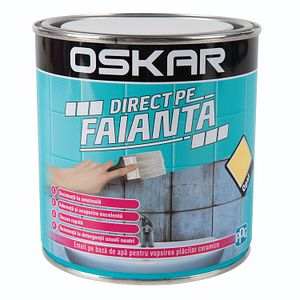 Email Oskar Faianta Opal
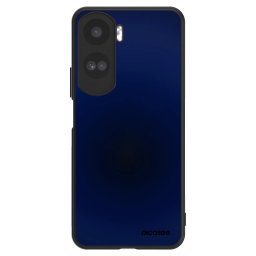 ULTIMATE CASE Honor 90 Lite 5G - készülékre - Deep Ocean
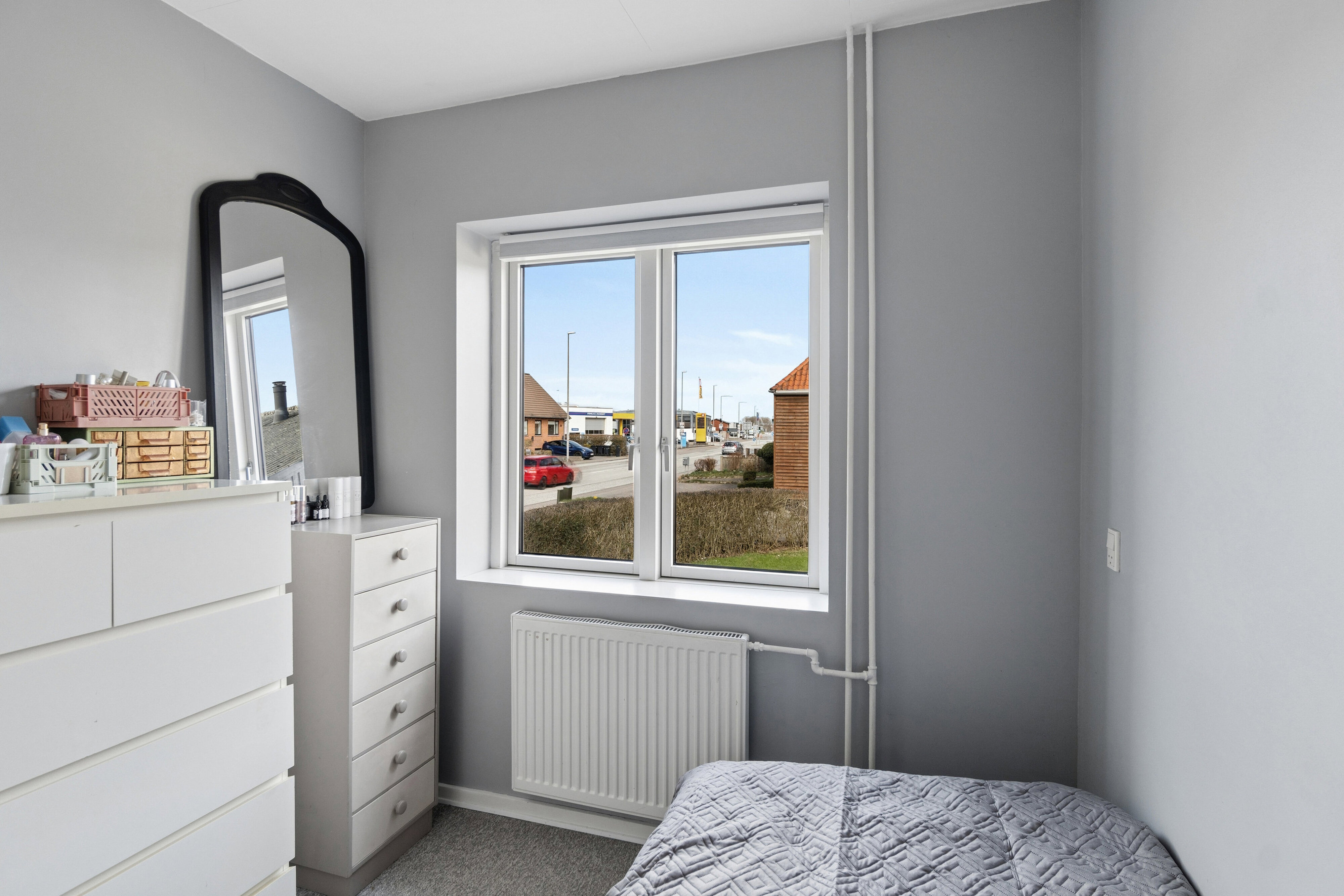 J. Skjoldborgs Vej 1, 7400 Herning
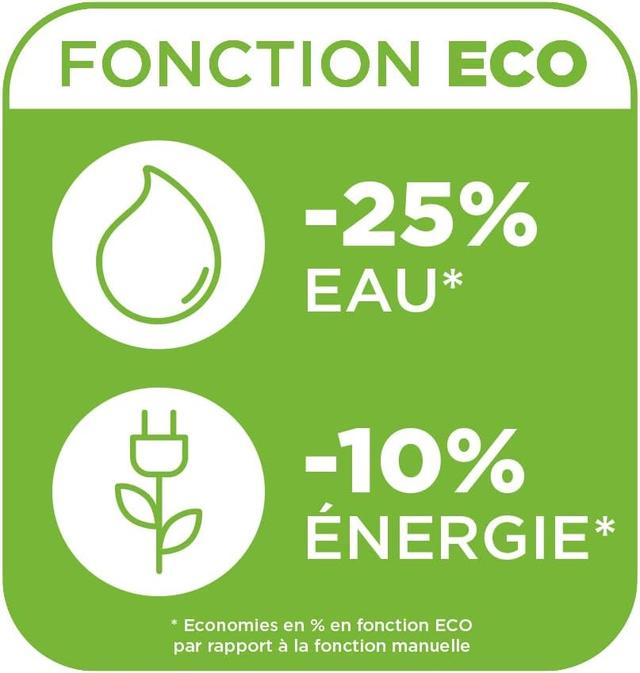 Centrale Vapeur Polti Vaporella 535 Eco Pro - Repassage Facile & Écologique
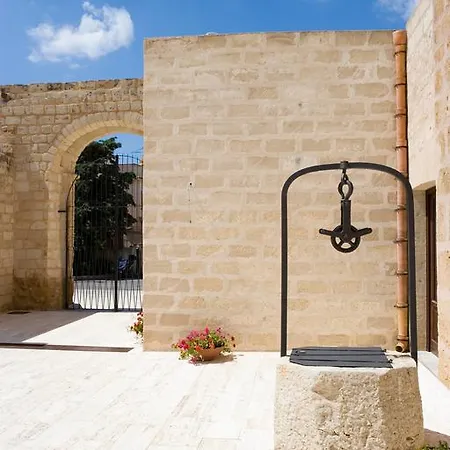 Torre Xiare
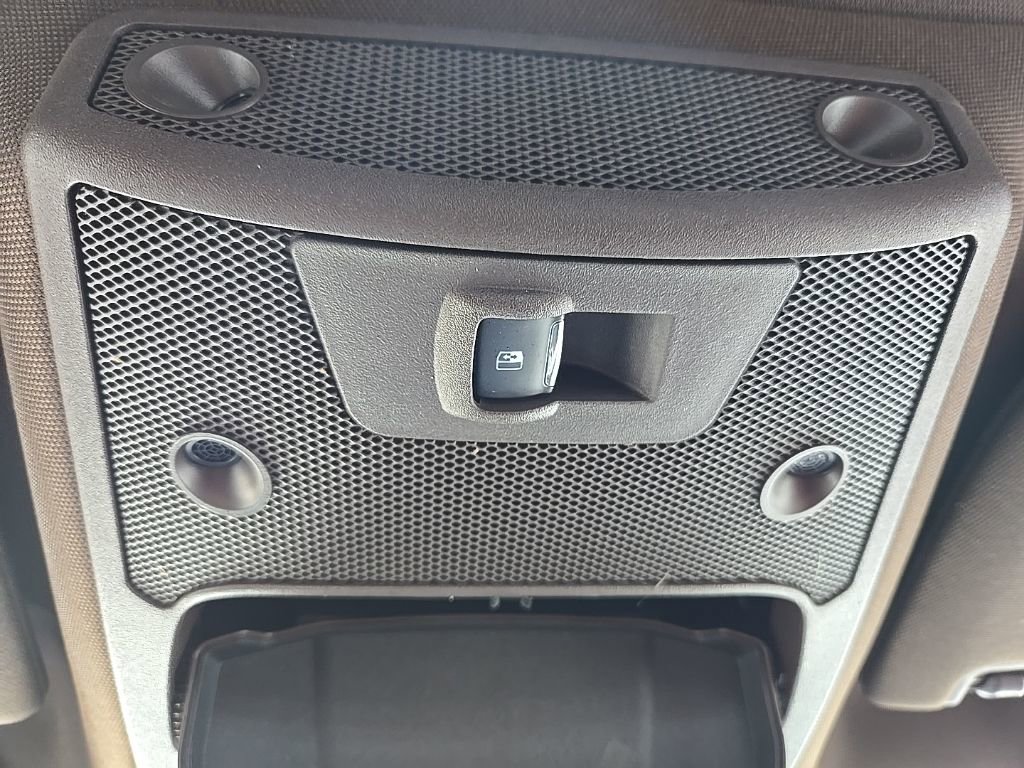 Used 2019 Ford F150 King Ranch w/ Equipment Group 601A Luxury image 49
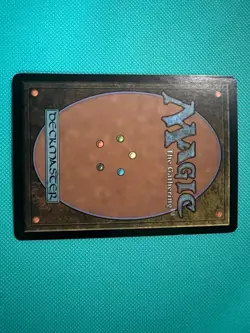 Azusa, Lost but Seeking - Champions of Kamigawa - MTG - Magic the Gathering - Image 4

...

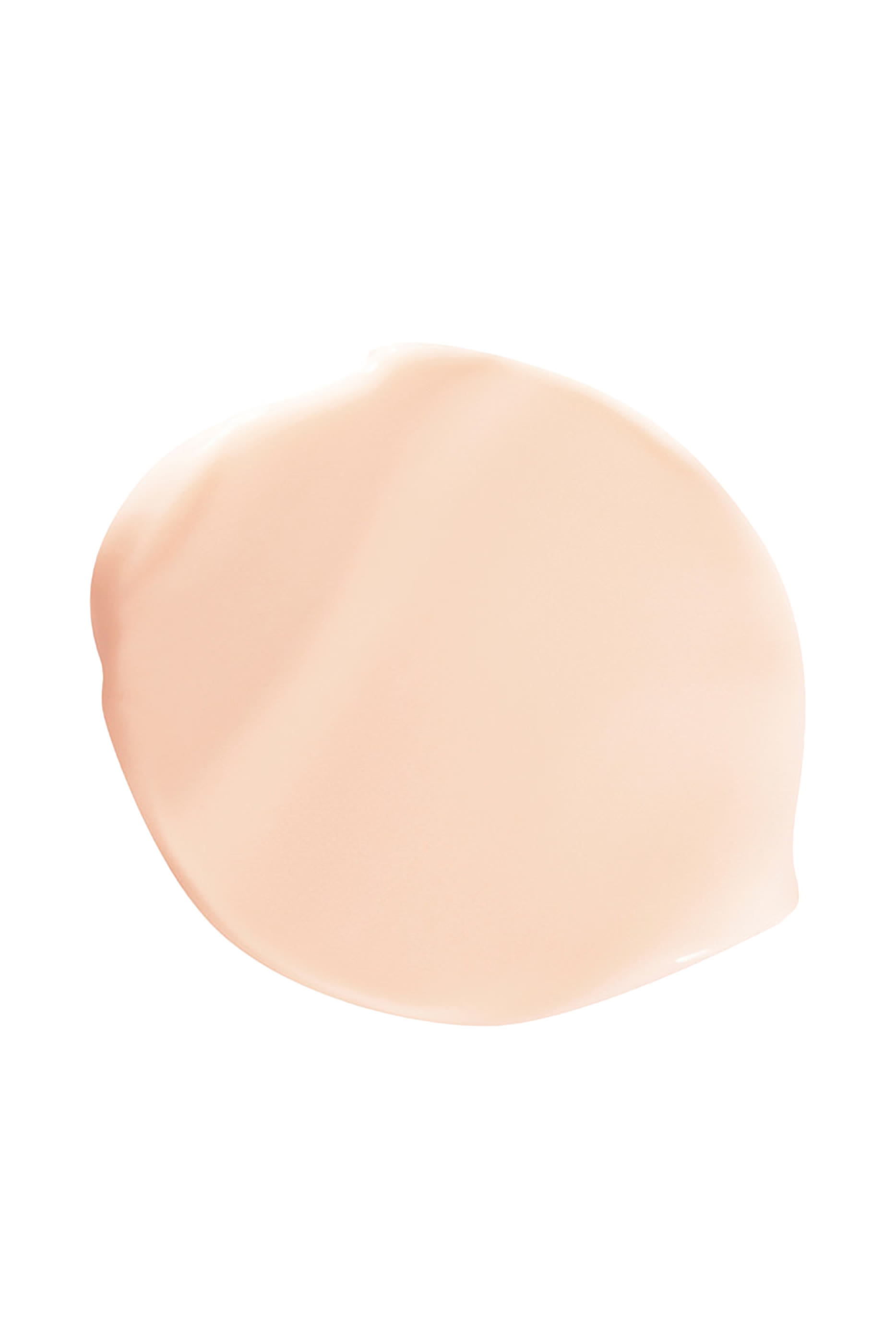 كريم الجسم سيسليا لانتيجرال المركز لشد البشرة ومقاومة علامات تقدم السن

...

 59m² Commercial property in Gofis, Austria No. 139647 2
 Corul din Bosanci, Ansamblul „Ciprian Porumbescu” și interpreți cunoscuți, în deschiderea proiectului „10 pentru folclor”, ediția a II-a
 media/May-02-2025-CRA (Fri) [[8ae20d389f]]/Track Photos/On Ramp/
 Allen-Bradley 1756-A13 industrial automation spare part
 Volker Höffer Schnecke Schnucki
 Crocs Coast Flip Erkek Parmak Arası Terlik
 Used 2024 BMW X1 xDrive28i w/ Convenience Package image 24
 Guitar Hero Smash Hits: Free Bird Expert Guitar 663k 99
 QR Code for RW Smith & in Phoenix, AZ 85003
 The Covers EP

What you are asked to do:
Only one stretch of the material above is wanted: the line containing "Email Oskar Faianta Opal" through the line containing "Azusa, Lost but". Restate it word for word, minus the pictures.

Problem solution:
 Email Oskar Faianta Opal
 ULTIMATE CASE Honor 90 Lite 5G - készülékre - Deep Ocean
 J. Skjoldborgs Vej 1, 7400 Herning
 Centrale Vapeur Polti Vaporella 535 Eco Pro - Repassage Facile & Écologique
 Torre Xiare
 Used 2019 Ford F150 King Ranch w/ Equipment Group 601A Luxury image 49
 Azusa, Lost but Seeking - Champions of Kamigawa - MTG - Magic the Gathering - Image 4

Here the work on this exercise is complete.